Cancer actif ou antécédents: quoi faire, concrètement
Le premier filtre est presque binaire: maladie active versus rémission. Si la maladie est active, les injections esthétiques d’acide hyaluronique sont déconseillées et la décision doit être pluridisciplinaire (oncologue, praticien esthétique médical). Cela vaut d’autant plus si la tumeur concerne le pancréas, compte tenu du signal préclinique, ou si la tumeur est localisée près de la zone envisagée.

Si l’on est en rémission, la discussion reste utile, car les traitements (chimiothérapie, immunothérapie, chirurgie, irradiation) et le statut actuel doivent guider le calendrier. Les repères temporels se décident au cas par cas, avec une exigence de stabilité et d’évaluation oncologique. Et si un soin dentaire est récent, les recommandations pratiques de report avant injection se situent entre deux et quatre semaines.
- À dire à l’oncologue: « Bonjour Docteur, j’envisage un soin ou une injection d’acide hyaluronique. Mon dossier oncologique indique [type, stade, traitement]. Pouvez-vous m’indiquer si cela présente un risque et quel délai vous conseillez avant tout acte esthétique ? »
- À exiger du praticien: produit avec marquage CE médical, numéro de lot noté, et capacité d’intervention immédiate en cas de complication (hyaluronidase disponible).
Contre-indications et signaux d’alerte: le vrai tri avant de prendre rendez-vous
Un joli résultat ne compense jamais un mauvais timing médical. Les contre-indications listées comme absolues comprennent la grossesse, l’allaitement, des maladies auto-immunes évolutives (lupus, sclérodermie, polymyosite, dermatomyosite), une infection active sur la zone, un antécédent de réaction allergique documentée à l’AH, et des anticoagulants mal équilibrés. Côté précautions, on évoque classiquement l’arrêt de l’aspirine ou des AINS avant une injection, l’attente après soins dentaires, et l’évitement d’une exposition solaire importante immédiate.
Après une injection, rougeur, œdème et sensibilité locale peuvent survenir dans les 24 à 72 heures, avec parfois de petits hématomes ou des irrégularités palpables transitoires. Plus rarement, une réaction inflammatoire de type granulome est documentée à moins de 1 %. Les complications vasculaires sont exceptionnelles mais graves: occlusion artérielle pouvant mener à nécrose cutanée, et risque rare de complication rétinienne, avec des zones réputées plus à risque comme les cernes, les lèvres et le nez. Dans cet univers, mon anecdote préférée n’a rien de glamour: la question la plus élégante à poser en consultation reste « avez-vous de la hyaluronidase, ici, tout de suite, si j’en ai besoin ? » Une phrase simple, mais qui change tout.

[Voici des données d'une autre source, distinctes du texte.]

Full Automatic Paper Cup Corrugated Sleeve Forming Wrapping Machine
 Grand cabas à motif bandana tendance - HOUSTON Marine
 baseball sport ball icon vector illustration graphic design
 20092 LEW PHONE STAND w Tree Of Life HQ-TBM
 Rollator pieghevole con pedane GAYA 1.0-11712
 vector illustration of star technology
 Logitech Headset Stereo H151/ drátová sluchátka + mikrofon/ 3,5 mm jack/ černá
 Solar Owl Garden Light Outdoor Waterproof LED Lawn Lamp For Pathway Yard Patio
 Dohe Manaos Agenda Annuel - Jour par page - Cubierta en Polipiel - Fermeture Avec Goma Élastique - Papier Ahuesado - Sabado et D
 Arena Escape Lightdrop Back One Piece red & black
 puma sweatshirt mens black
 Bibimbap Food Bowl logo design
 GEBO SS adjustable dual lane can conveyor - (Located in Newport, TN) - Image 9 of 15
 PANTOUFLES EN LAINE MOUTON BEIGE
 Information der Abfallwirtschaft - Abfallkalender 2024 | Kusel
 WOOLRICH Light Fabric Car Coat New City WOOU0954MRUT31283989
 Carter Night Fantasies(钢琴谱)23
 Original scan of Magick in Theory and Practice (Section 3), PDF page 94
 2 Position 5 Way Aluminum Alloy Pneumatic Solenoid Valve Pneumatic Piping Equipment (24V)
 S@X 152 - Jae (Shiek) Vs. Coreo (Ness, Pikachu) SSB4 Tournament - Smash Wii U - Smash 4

Dernier point, souvent négligé: la traçabilité et la matériovigilance. Noter le numéro de lot, vérifier le statut médical du produit, refuser les injections informelles ou les promotions trop bon marché, c’est aussi une façon de prendre soin de soi avec la même minutie que pour un diagnostic.
Pour celles et ceux qui hésitent, une règle de style s’applique aussi à la santé : quand l’incertitude persiste, on privilégie le non-invasif. Les topiques à base d’acide hyaluronique ont un profil différent des fillers réticulés, et les évaluations de sécurité disponibles pour l’usage cosmétique ne rapportent pas d’étude de cancérogénicité. Et si une injection est envisagée, notamment pour corriger un menton fuyant, elle mérite le bon moment, le bon cadre médical et l’accord éclairé des médecins qui vous suivent.